There are several limitations to our study and the results should be interpreted in the context of its design. Firstly, this study was conducted at a single academic center with a relatively small sample of patients. Indeed, the number of patients might be low because we were limited by the number of surviving patients – most of who had hypopharyngeal cancers and/or recurrent cancers which carry inherently poor prognoses. Secondly, as has been recently editorialized, GPU is a complex procedure likely subject to a significant learning curve [41]. The patients treated in our cohort had GPU performed by a high-volume surgeon with considerable experience with the procedure, and this may limit the generalizability of the results presented. Thirdly, it is inherently difficult to analyze the sound of a substitute voice speaker.
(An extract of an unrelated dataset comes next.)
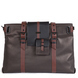 Brown London tote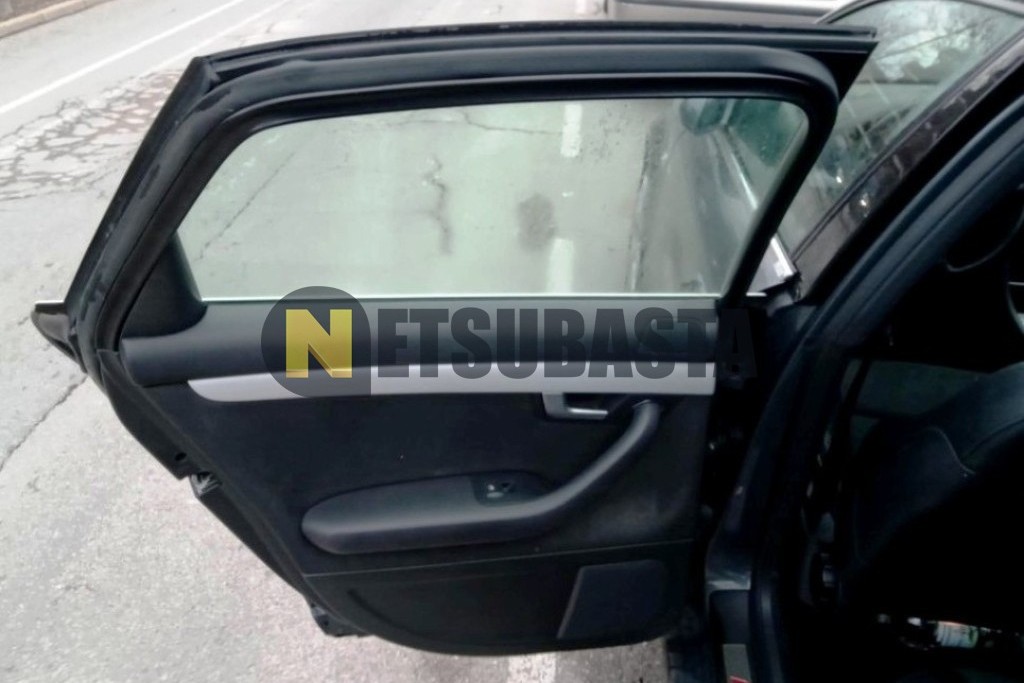 Audi A4 2.5 TDI 2004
We tried to address this limitation by using several different outcome measures – objective acoustic analysis, subjective perceptual analysis, and a validated, self-reported measurement of voice - but recognize that even these measures may not be fully comprehensive. Fourthly, there was no comparison arm of normal patients or total laryngectomy patients with TEP. A sample size calculation revealed that the numbers needed to adequately power this statistical comparison would have been unfeasible. For a two-sided Students T Test at alpha = 0.05 and power = 0.8, with a minimal clinical difference in VHI-10 of 6 [42] as the primary outcome measurement, a sample size of 31 was needed in each group which could not feasibly be obtained for the GPU cohort. Fifthly, we were unable to perform any meaningful subgroup analysis of clinical factors predictive of voice outcomes following TEP in GPU because minimum event to variable thresholds could not be achieved using this small cohort of patients [43]. Still, this study represents the largest cohort of patients who underwent GPU and secondary TEP reported in the literature and demonstrates its safety and feasibility as well as the outcomes that can be achieved.

Conclusion

Voice rehabilitation following laryngopharyngoesophagectomy and GPU reconstruction remains a significant challenge for patients. Secondary TEP is an option that is safe and feasible. Although patients demonstrated moderate subjective and objective impairment, TEP provided patients with a self-reported means of functional verbal communication and was their preferred method of communication.